La leche materna es el alimento por excelencia durante los primeros seis meses de vida. Si todos los niños, desde su nacimiento fueran exclusivamente amamantados sería posible salvar aproximadamente 1.5 millones de vidas por año. También se mejorarían las condiciones actuales ya que la lactancia materna garantiza efectos protectores para el bebé, la madre y la sociedad.
A través del Plan MAMI, un programa de prevención y promoción de la salud para la embarazada y su hijo hasta los 12 años de edad, se da prioridad absoluta a la Lactancia Natural por sobre cualquier otro suplemento, previendo la cobertura de Lecha Maternizada sólo hasta los seis meses de vida y sólo ante expresa indicación médica ante patologías que así lo justifiquen.
BENEFICIOS DE LA LECHE MATERNA PARA EL BEBÉ:
Protege los dientes, porque la leche humana tiene sustancias que actúan como anticuerpos capaces de defender contra el avance de microorganismos. La leche azucarada de vaca expone la dentadura a un banquete de bacterias.
Los bebés amamantados tienen mejor desarrollo mandibular, menor riesgo dentario con problemas de mala oclusión y menos necesidad de ortodoncia cuando llegan a la adolescencia.
La leche materna defiende contra infecciones severas, diarrea, alergias enfermedades de la piel, desnutrición, obesidad, diabetes juvenil; por esto los bebés que toman teta se enferman menos. También tienen cubiertas las necesidades de agua, aún cuando hace mucho calor; la deshidratación en ellos es casi nula. No tienen constipación y tienen menos dermatitis de pañal (irritación en la piel de la cola), debido a que esta leche deja menor residuo fecal y a que las deposiciones que provoca son más blandas y con bajo PH.

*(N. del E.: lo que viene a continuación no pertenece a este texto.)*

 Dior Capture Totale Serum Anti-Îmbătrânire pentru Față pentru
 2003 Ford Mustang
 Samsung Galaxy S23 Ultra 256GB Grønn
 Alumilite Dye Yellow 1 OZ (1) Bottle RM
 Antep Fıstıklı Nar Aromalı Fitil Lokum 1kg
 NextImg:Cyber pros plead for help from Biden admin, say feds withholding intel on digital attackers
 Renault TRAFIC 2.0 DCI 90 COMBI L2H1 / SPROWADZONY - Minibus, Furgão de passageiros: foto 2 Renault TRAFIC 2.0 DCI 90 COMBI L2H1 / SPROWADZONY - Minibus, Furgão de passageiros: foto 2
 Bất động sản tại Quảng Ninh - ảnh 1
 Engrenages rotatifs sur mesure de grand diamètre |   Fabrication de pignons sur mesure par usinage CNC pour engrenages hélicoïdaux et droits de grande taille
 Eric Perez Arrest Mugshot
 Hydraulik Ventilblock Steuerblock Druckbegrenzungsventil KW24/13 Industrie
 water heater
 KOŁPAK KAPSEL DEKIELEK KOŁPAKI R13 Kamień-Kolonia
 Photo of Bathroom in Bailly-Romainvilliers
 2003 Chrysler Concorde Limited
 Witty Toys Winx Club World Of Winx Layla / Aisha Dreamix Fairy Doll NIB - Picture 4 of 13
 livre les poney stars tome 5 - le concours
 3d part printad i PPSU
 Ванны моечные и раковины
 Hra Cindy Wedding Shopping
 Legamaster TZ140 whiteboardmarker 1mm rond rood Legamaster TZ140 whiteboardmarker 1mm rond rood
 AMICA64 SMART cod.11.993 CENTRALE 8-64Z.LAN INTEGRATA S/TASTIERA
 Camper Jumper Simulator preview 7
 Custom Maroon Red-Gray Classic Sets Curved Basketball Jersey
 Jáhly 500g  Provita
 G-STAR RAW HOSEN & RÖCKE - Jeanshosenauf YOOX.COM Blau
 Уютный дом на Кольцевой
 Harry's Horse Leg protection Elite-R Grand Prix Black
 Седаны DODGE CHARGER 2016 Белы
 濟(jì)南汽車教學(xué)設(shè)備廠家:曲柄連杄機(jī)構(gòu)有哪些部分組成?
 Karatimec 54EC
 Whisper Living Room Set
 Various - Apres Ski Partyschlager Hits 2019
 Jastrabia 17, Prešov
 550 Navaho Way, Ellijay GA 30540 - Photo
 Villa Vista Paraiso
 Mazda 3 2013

La leche de la mamá contiene la mezcla correcta de grasas, azúcares, proteínas y minerales en un equilibrio perfecto. Por esto los bebés amamantados son más sanos y delgados, la leche vacuna tiene grasas que el bebé no necesita.Tomando la teta, los niños tienen menos riesgo de otitis media que los alimentados con mamadera, porque la apertura de la boca para mamar descomprime el oído medio.
Los bebés amamantados son más vivaces, duermen menos, miran fijamente se ríen y reconocen las caras antes porque están más estimulados. Las madres que amamantan también tienes beneficios.Tienen menos posibilidades de contraer osteoporosis, cáncer de mama y de ovario.
Mejoran su aspecto físico, la lactancia facilita la reducción de peso. La producción de leche consume los depósitos de grasa formados naturalmente durante el embarazo.
Favorece las conductas maternales, facilita de manera óptima la formación de un sólido vínculo madre-hijo.
Promover esta forma de alimentación constituye una de las medidas más eficaces para prevenir la mortalidad infantil.